Trade Wars, Commodity Prices and Food Supply

Sep 12, 2018

I’ve been asked by a lot of IGA retailers recently what I think will happen with the new food-related tariffs the U.S. and our trading partners are slapping on each other at what seems an ever-increasing rate. Will food prices rise or decline? What will happen to smaller farmers who are part of our supply chain? How long before we see the effects of a growing trade conflict, and how long would they last?  

It doesn’t matter if you are a Republican or Democrat, conservative or liberal, these are smart questions to ask. And the best way to answer them is to just look at what has happened historically when the basic rules of supply and demand are altered by international tariffs and domestic subsidies.

Impact of Agricultural Tariffs

When international tariffs go into place on U.S. production, domestic prices drop as inventories swell. In June, Mexico announced they would be adding a 20 percent tariff on U.S. pork, while China increased tariffs by up to 25 percent on U.S. products like soybeans, sorghum, and frozen pork in April. As a result, warehouses in the U.S. are full, with over 2.5 billion pounds of pork sitting in cold storage. Expect the same with export grades of beef, too. 

Should these tariffs stand, prices for U.S. consumers in the short run and possibly months to come would fall as pork and beef producers cut investments, cancel domestic expansion, and batten down the hatches. If, on the other hand, an agreement between the U.S. and Mexico on automotive tariffs has eased tensions, we may find  pork and produce are restored to previous trade sales. Of course, agricultural tariffs aren’t the only tariffs affecting food prices. Tariffs imposed on aluminum could, in the long run, raise the cost of all canned goods.  

The Effect of Government Subsidies

When trade wars start, governments often subsidize farmers to offset the economic burden. Temporary subsidies may stabilize price drops but rarely do they return the market to normal pricing, primarily because the government pays farmers an arbitrary fixed price.
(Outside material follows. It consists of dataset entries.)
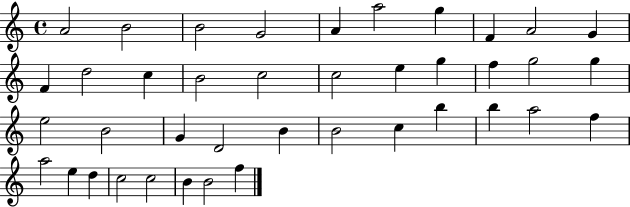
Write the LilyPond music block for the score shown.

{
  \clef treble
  \time 4/4
  \defaultTimeSignature
  \key c \major
  a'2 b'2 | b'2 g'2 | a'4 a''2 g''4 | f'4 a'2 g'4 | \break f'4 d''2 c''4 | b'2 c''2 | c''2 e''4 g''4 | f''4 g''2 g''4 | \break e''2 b'2 | g'4 d'2 b'4 | b'2 c''4 b''4 | b''4 a''2 f''4 | \break a''2 e''4 d''4 | c''2 c''2 | b'4 b'2 f''4 | \bar "|."
} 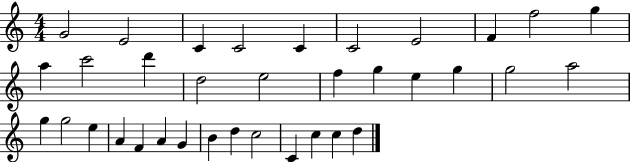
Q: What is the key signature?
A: C major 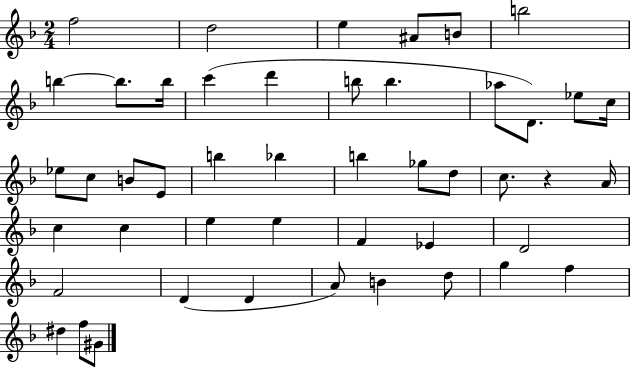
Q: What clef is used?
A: treble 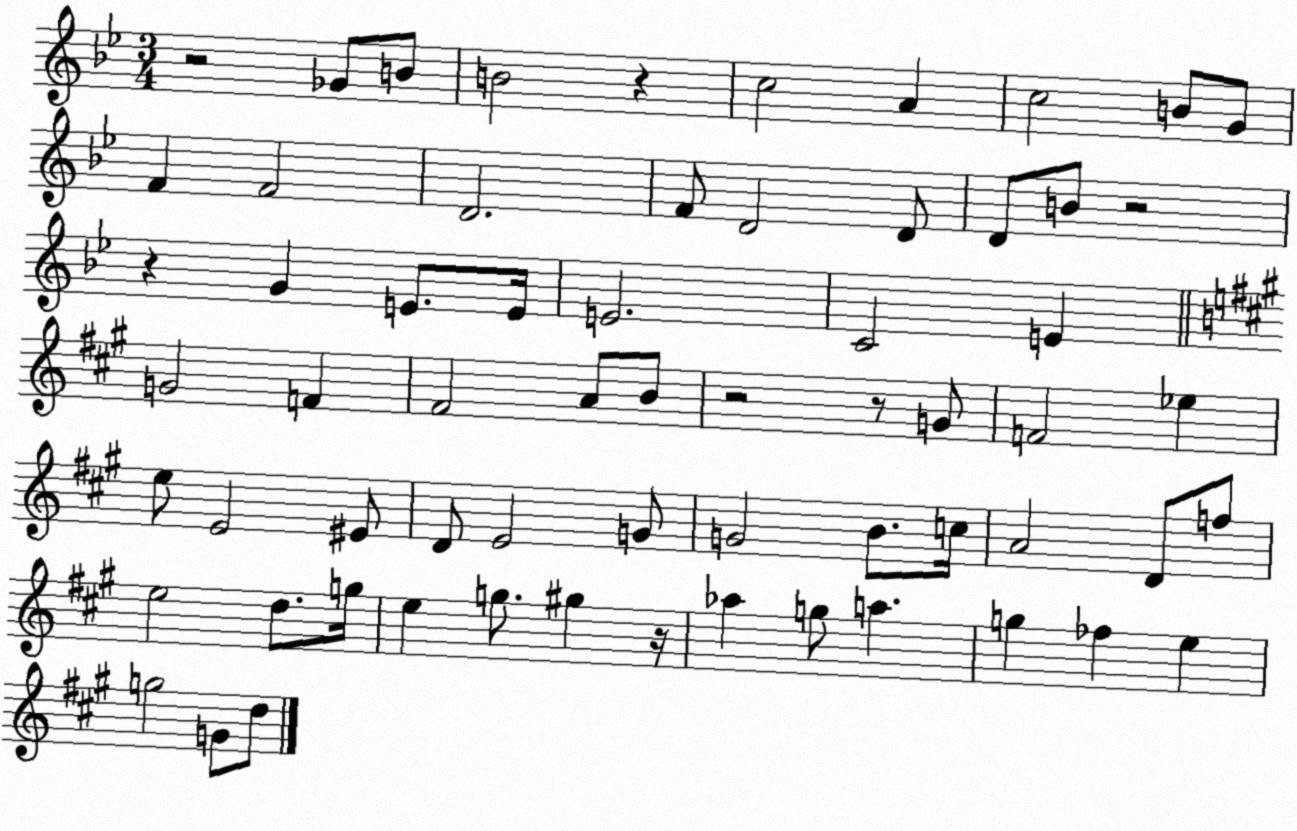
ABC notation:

X:1
T:Untitled
M:3/4
L:1/4
K:Bb
z2 _G/2 B/2 B2 z c2 A c2 B/2 G/2 F F2 D2 F/2 D2 D/2 D/2 B/2 z2 z G E/2 E/4 E2 C2 E G2 F ^F2 A/2 B/2 z2 z/2 G/2 F2 _e e/2 E2 ^E/2 D/2 E2 G/2 G2 B/2 c/4 A2 D/2 f/2 e2 d/2 g/4 e g/2 ^g z/4 _a g/2 a g _f e g2 G/2 d/2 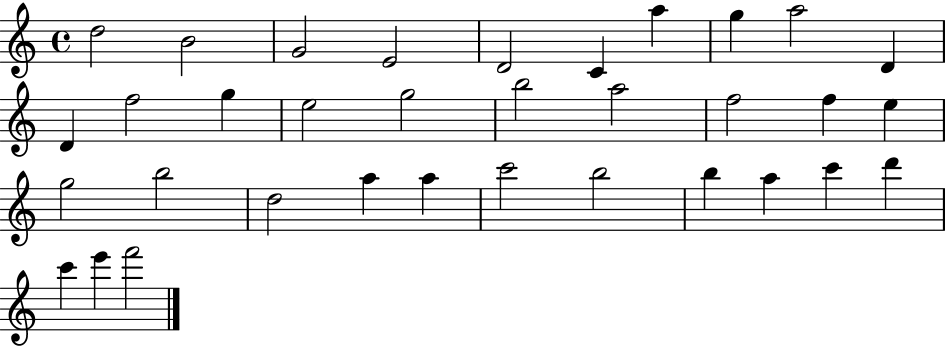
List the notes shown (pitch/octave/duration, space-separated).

D5/h B4/h G4/h E4/h D4/h C4/q A5/q G5/q A5/h D4/q D4/q F5/h G5/q E5/h G5/h B5/h A5/h F5/h F5/q E5/q G5/h B5/h D5/h A5/q A5/q C6/h B5/h B5/q A5/q C6/q D6/q C6/q E6/q F6/h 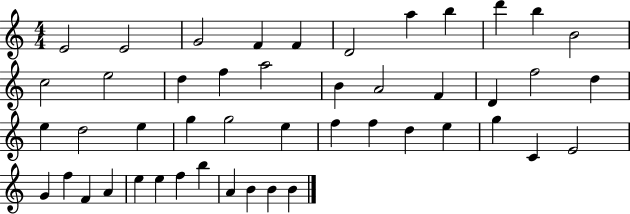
X:1
T:Untitled
M:4/4
L:1/4
K:C
E2 E2 G2 F F D2 a b d' b B2 c2 e2 d f a2 B A2 F D f2 d e d2 e g g2 e f f d e g C E2 G f F A e e f b A B B B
U.S. farm policy is very complex, and farmers earn subsidies in many different ways. Still, the more they produce the bigger a subsidy they get. As a consequence, finite subsidy budgets tend to get doled out to the largest producers, leaving many smaller farmers in the lurch. Expect marginal family farms to get hurt the worst.

Over a longer term, federal subsidies may create weird, non-intuitive behaviors. Farmers might end up planting and producing more products, since their yield may be essentially guaranteed. Some experts believe that federal subsidies on cotton, wheat, corn, soybeans, and rice have contributed more to overproduction than rising consumer demand.
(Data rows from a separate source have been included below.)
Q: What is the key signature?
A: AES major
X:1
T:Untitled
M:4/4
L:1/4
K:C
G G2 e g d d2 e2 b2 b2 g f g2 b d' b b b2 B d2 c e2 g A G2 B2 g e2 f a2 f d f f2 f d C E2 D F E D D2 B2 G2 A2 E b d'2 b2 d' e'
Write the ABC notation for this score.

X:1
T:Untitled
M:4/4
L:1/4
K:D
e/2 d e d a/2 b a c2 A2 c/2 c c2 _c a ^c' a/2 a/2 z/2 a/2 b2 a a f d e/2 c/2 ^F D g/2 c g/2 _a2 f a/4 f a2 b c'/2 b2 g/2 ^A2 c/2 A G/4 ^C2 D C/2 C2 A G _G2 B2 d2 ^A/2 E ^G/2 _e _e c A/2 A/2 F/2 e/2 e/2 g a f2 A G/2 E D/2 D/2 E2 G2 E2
Don’t blame the farmers here. Farming is high risk, and anything these business people can do to de-risk their investments is just good business.

Again, looking at history, the unintended consequence of federal subsidies has created unpredictable effects. For example, over-production has, in the past, led to subsidies that encourage farmers to let their fields go fallow in an effort to restore normal supply levels. 

Long Term

Long term subsidies and artificial tariffs may create massive instability in free markets. Productions may swell or decline without being linked to consumer demand. And long-term investment may dry up because farmers aren’t subsidized to create more competitive, better products; they're paid based on the number of acres farmed.

Why Free Markets are so Cool

In a free market, producers plant and adjust their product to meet consumer demand. If consumers are eating more organic fruits and vegetables, suppliers will move that way. If they want smaller service sizes, they will plant the hybrids that deliver. And if international markets grow in demand, then global export revenue helps fund domestic innovation.

But beyond that, it forces domestic suppliers to compete with the best of international producers. This means innovation, investment, entrepreneurial thinking—and most importantly—producers focused on the increasing demand of consumers themselves.

Listening to our shoppers? Needless to say, that’s always the smartest approach.

Summary

A short-term trade battle would probably help IGA retailers, bringing lower prices to beef and pork soon, and wheat, corn and other higher subsidy products over the next year. But in the long run, it could make production of other food related products more costly.

Most importantly, a trade battle hurts family farmers, which in turn creates a continuation of the corporate farm phenomena in the U.S.; it would drive down investment and, if allowed to persist, hurt the competitiveness of the American food supply system.